## Part 1: Look at the Big Picture
**Summary:** In this mini-project we will use California census data to build a model of housing prices. Our dataset is the CA Housing Prices Dataset from the StatLib repository, which is based on the 1990 census. Some of the features in this dataset are population, income, and housing prices for each district. 

**Goal**: Your ML model should learn from this dataset in order to predict the median housing price in any district. 

**Where to begin?** Some common questions at work might be: How will this model be used? How will it benefit the company or people using it? What does the current (if any) solution look like (e.g., are people hand calculating this result and if so, how)?

**Frame the problem:** Is it supervised, unsupervised, hybrid, or reinforcement learning? Is it a classification or regression task, or something else? Should you use batch or online learning? What assumptions have you or others made about this task? (Note: we haven't covered all these concepts yet; this is just to give you an idea of how you can start thinking about setting up ML projects).

**Task:** We are given labeled training examples, so this will be supervised learning.
Because we are asked to predict a value (median housing price), this is a regression task. Specifically, this is a multiple regression task because we will use many features to make our prediction. We haven't covered this in class yet, but the next step is to choose our *performance measure* -- the typical performance measure for regression tasks is the *Root Mean Square Error (RMSE)* cost function.

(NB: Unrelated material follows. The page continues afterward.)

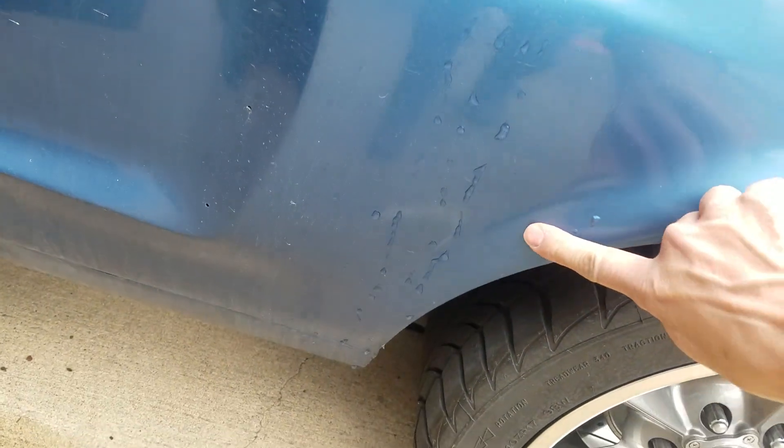There's a little rust bubble there, but it's not coming through on the back side.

Basically, this tells us how much error our model makes in its predictions. 

## Part 2: Load the Data

In [42]:
# import packages
import os
import tarfile
import urllib
import pandas as pd
from pandas.plotting import scatter_matrix
import numpy as np
import matplotlib.pyplot as plt
from sklearn.model_selection import train_test_split
from sklearn.model_selection import StratifiedShuffleSplit
from sklearn.impute import SimpleImputer
from sklearn.preprocessing import OrdinalEncoder
from sklearn.preprocessing import OneHotEncoder
from sklearn.pipeline import Pipeline
from sklearn.preprocessing import StandardScaler
from sklearn.compose import ColumnTransformer
from sklearn.linear_model import LinearRegression
from sklearn.metrics import mean_squared_error

In [3]:
## Part 2: Get the Data
# Create a function to download housing.tgz: a comma-separated values (CSV) file representing the dataset

# Specify URL & path names
DOWNLOAD_ROOT = "https://raw.githubusercontent.com/ageron/handson-ml2/master/"
HOUSING_PATH = os.path.join("datasets", "housing")
HOUSING_URL = DOWNLOAD_ROOT + "datasets/housing/housing.tgz"

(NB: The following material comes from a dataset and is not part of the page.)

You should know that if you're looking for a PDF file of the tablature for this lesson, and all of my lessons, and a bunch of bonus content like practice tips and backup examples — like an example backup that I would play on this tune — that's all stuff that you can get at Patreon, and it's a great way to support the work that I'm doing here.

# Creates 'datasets/housing' dir in workspace
# Downloads & extracts housing.tgz
def get_housing_data(housing_url=HOUSING_URL, housing_path=HOUSING_PATH):
    os.makedirs(housing_path, exist_ok=True)
    tgz_path = os.path.join(housing_path, "housing.tgz")
    urllib.request.urlretrieve(housing_url, tgz_path)
    housing_tgz = tarfile.open(tgz_path)
    housing_tgz.extractall(path=housing_path)
    housing_tgz.close()


In [4]:
get_housing_data()

In [5]:
# Load the data using pandas
# Returns a pandas DataFrame object containing all the data
def load_housing_data(housing_path=HOUSING_PATH):
    csv_path = os.path.join(housing_path, "housing.csv")
    return pd.read_csv(csv_path)


## Part 3: Visualize the Data

In [6]:
# Peak at the dataset using DataFrame's head() method to return the top 5 rows
housing = load_housing_data()
housing.head()


**About the Housing Dataset** 

Each row represents one district. 
There are 10 features: longitude, latitude, housing_median_age, total_rooms, total_bedrooms, population, households, median_income, median_house_value, ocean_proximity. 

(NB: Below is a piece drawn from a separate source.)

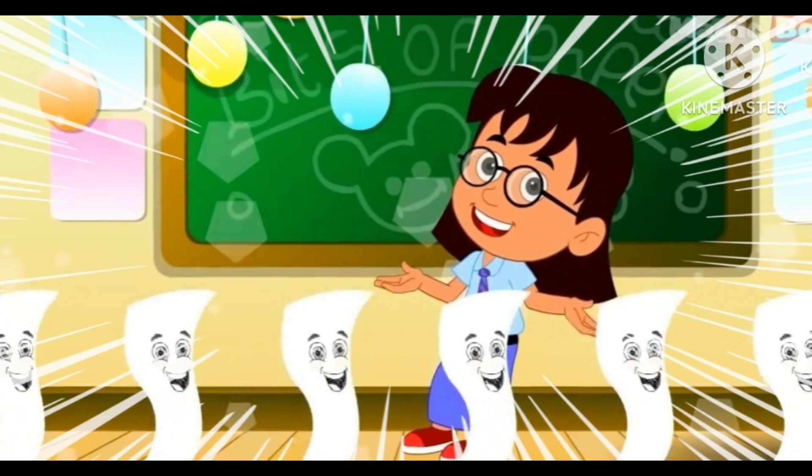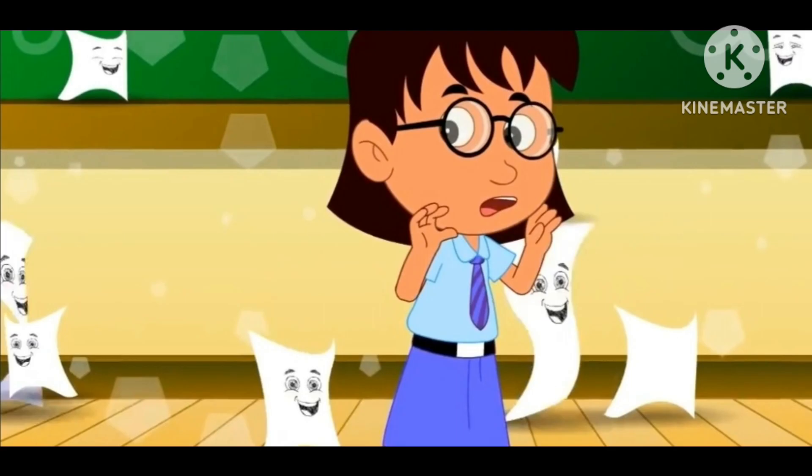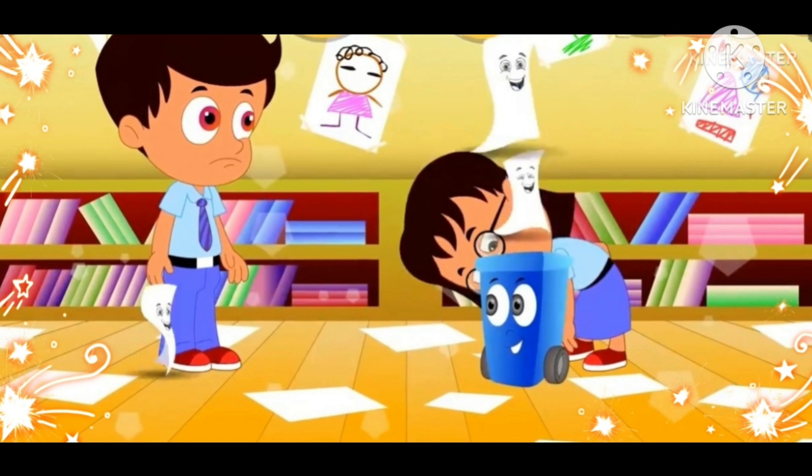Bits of paper, bits of paper, lying on the floor. Mix the pleasant tidy, mix the pleasant tidy, beat them up, beat them up.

**TODO**: Call the *info()* method on the Housing dataset. Do you notice anything about total_bedrooms and ocean_proximity? 

**TODO**: Check the categories and number of districts in each for the *ocean_proximity* feature by using the *value_counts( )* method. Note: You can select a feature by name and use it just as you would an index into an array. For example: housing["latitude"]. 

In [8]:
housing["latitude"]

**TODO:** Now try calling the *describe( )* method on the housing dataset. What does this return? 

### Part 3a: Histograms
Another visualization option is to plot a histogram. A histogram will show the number of instances (y-axis) that have a given value range (x-axis). 

Some things to notice about the histograms:
<ol>
    <li> Median income: has been **preprocessed** -- scaled and capped with new range: [0.5..15]. This means that a value of 5 represents about $50,000.  </li>
    <li> Median age has also been capped. </li>
    <li> PROBLEM! Median house value was also capped! But this is our target attribute (our labels). When will this be a problem? </li>
    <li> The attributes have different scales. This could be a problem later. </li>
    <li> Several of these histograms are **tail-heavy** -- they extend farther to the right of the median than the left. This could make it harder for some ML algorithms to learn patterns. How do you think we can get around this? </li> 
</ol>

In [11]:
%matplotlib inline 
housing.hist(bins=50, figsize=(20,15))
plt.show()

### Part 3b: Create a Test Set 
Before creating more visualizations, let's set aside a portion of our dataset for testing. Typically, we can visualize the data to search for patterns and guess which models and features will be a good starting point. However, we don't want to introduce *data snooping bias*. In order to avoid this, we can reserve the testing set now, before loading more visualizations. That way we'll only visualize the training set that our ML algorithm will learn from. The most common data split is 80% training and 20% testing (test_size = 0.2). Another common split is 70% training, 20% testing, and 10% development/validation. 

In [12]:
# Split the dataset into a training set and testing set 
train_set, test_set = train_test_split(housing, test_size=0.2, random_state=42)


Most people use the above code to randomly sample and split their datasets. Ideally however, we should split using stratified sampling. In this approach, the population would be divided into homogenous subgroups (strata) and the correct number of instances will be sampled from each stratum (or group) to ensure that the test set represents the entire population (in the entire dataset). 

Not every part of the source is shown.